そこで、木の幹から横に枝や葉が伸びるように、複数の場を用意して、その「場」を行ったり来たりしながら物語を進めていく手法が採られました。それが功を奏した。中だるみ感を払拭できた秘訣その2ではないでしょうか。
【3】昭和の時代と絶妙にクロス
少女の成長物語を軸にしつつ、昭和30~40年代の社会現象、高度経済成長による劇的な社会の変化、流行や風俗を関係づけて取り入れています。象徴的なシーンは、宗男(峯田和伸)が大興奮するビートルズ来日のくだり。他にも戦場からの帰還エピソード、グループサウンズなどのヒット曲、ミニスカートとツイッギー等々、時代の色があちこちに。

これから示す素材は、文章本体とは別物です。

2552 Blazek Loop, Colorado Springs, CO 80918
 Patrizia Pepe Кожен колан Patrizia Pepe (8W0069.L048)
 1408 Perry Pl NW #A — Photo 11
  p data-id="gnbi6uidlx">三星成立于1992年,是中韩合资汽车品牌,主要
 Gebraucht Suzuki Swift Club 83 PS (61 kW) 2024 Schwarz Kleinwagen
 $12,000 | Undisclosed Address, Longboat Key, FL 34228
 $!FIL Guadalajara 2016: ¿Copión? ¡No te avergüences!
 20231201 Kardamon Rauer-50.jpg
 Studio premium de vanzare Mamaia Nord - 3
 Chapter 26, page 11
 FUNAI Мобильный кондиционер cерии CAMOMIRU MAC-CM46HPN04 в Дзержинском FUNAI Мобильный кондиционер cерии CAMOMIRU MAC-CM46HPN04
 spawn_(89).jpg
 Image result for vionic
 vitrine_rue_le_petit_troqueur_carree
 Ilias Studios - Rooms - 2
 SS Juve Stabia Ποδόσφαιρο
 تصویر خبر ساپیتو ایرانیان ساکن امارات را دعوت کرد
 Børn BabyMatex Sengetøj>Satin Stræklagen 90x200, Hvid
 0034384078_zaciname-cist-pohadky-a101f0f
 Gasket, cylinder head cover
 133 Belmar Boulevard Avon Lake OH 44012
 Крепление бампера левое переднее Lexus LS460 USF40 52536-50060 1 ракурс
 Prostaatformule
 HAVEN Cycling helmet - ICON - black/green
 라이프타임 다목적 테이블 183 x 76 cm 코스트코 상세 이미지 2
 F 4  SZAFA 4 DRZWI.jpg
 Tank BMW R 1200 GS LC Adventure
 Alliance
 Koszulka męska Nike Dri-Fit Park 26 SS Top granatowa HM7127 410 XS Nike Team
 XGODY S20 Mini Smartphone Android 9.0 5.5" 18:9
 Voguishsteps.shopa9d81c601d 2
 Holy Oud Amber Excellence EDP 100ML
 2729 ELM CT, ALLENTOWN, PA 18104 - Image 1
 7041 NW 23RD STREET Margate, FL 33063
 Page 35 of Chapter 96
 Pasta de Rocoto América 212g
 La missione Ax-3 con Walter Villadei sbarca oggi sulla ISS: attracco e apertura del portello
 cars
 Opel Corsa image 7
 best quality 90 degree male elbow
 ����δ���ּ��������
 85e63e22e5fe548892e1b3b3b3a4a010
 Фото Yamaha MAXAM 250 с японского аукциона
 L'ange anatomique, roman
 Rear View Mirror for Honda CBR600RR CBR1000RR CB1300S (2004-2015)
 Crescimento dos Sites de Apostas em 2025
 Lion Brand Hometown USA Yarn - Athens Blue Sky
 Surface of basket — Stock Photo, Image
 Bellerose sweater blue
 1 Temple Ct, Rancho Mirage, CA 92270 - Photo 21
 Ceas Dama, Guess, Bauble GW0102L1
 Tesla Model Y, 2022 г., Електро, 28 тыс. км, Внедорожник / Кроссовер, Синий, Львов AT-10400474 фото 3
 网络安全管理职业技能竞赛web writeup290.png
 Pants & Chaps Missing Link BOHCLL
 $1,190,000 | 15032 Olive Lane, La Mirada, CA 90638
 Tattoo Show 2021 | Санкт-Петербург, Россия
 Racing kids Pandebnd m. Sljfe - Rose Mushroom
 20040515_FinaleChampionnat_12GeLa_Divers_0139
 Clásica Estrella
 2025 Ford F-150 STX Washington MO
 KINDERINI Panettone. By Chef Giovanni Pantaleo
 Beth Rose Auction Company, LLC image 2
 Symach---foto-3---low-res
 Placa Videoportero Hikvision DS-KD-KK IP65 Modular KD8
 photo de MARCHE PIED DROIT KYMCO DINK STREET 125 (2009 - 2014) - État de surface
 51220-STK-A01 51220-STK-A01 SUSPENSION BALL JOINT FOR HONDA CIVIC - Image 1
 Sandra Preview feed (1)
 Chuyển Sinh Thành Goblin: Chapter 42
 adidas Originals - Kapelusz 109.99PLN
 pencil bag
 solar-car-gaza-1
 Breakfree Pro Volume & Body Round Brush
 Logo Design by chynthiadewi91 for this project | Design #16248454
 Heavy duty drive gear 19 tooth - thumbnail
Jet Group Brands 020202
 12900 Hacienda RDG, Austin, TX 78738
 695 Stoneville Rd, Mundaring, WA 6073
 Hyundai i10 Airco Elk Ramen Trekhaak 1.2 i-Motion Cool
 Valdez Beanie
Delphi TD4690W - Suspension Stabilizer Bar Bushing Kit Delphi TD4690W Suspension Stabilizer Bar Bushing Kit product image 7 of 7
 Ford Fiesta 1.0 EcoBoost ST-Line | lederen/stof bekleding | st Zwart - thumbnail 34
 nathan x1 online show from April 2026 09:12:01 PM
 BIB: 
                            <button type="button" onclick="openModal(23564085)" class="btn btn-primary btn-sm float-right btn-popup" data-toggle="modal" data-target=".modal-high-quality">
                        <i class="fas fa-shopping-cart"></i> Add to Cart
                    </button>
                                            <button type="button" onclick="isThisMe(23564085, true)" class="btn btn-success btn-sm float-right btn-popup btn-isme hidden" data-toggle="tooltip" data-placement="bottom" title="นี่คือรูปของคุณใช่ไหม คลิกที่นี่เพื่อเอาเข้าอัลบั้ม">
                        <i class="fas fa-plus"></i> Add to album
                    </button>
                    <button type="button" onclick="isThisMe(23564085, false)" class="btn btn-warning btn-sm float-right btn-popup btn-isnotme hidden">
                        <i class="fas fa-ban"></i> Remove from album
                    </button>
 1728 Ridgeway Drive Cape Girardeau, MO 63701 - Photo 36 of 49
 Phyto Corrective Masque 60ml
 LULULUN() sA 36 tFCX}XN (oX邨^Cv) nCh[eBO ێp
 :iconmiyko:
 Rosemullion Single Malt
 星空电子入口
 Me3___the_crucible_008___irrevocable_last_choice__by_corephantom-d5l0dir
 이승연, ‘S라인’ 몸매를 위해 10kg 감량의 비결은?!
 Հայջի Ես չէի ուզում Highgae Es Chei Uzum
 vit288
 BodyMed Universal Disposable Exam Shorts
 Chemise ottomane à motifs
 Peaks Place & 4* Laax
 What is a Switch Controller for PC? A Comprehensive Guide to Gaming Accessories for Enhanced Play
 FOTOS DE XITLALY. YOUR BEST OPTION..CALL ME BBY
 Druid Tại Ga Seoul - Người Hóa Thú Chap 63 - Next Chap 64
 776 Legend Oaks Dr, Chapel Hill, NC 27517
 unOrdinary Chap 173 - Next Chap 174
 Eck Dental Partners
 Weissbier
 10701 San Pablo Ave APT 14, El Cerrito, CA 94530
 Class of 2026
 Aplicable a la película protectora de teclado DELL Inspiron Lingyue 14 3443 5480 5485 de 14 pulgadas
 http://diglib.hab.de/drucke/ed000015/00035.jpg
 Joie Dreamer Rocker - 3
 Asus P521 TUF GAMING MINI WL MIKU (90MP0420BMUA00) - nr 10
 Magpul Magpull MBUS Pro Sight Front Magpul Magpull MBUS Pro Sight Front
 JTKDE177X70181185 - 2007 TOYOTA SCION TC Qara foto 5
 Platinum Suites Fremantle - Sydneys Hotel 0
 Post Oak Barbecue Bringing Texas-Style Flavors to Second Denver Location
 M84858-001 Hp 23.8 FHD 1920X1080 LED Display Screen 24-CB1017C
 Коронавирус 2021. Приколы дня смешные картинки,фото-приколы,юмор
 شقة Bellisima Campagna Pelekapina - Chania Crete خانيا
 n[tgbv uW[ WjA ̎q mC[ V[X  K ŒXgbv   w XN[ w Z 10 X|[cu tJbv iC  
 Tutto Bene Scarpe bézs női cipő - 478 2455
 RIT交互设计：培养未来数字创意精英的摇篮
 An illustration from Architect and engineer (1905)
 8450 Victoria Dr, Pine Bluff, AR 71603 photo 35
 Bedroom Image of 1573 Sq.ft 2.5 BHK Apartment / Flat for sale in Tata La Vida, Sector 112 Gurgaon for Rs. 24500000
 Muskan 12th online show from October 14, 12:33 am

何よりも、みね子自身が「金の卵」。田舎からの集団就職という、経済成長時代をくっきりと反映している人物設定です。
奇しくも、前作『べっぴんさん』、前々作『とと姉ちゃん』共に昭和の同じ頃が舞台。しかしトッピングの如くに「昭和のエピソードをちょっと使ってみました」といった、薄っぺらさ感は否めなかった。しかし今回は違います。
出稼ぎに行かなければならなかった地方の状況→過酷な労働→父の記憶喪失→みね子上京→実家へ送金……といったように、時代と人物の遭遇する出来事とが途切れることなく連なっています。社会状況と切り離せない要素が人物造形の中に色濃く根ざしているために、物語に奥行き感や厚みが出てくるのでしょう。
半年という長丁場でもこのドラマが退屈しない理由の3つ目は、そのあたりにありそうです。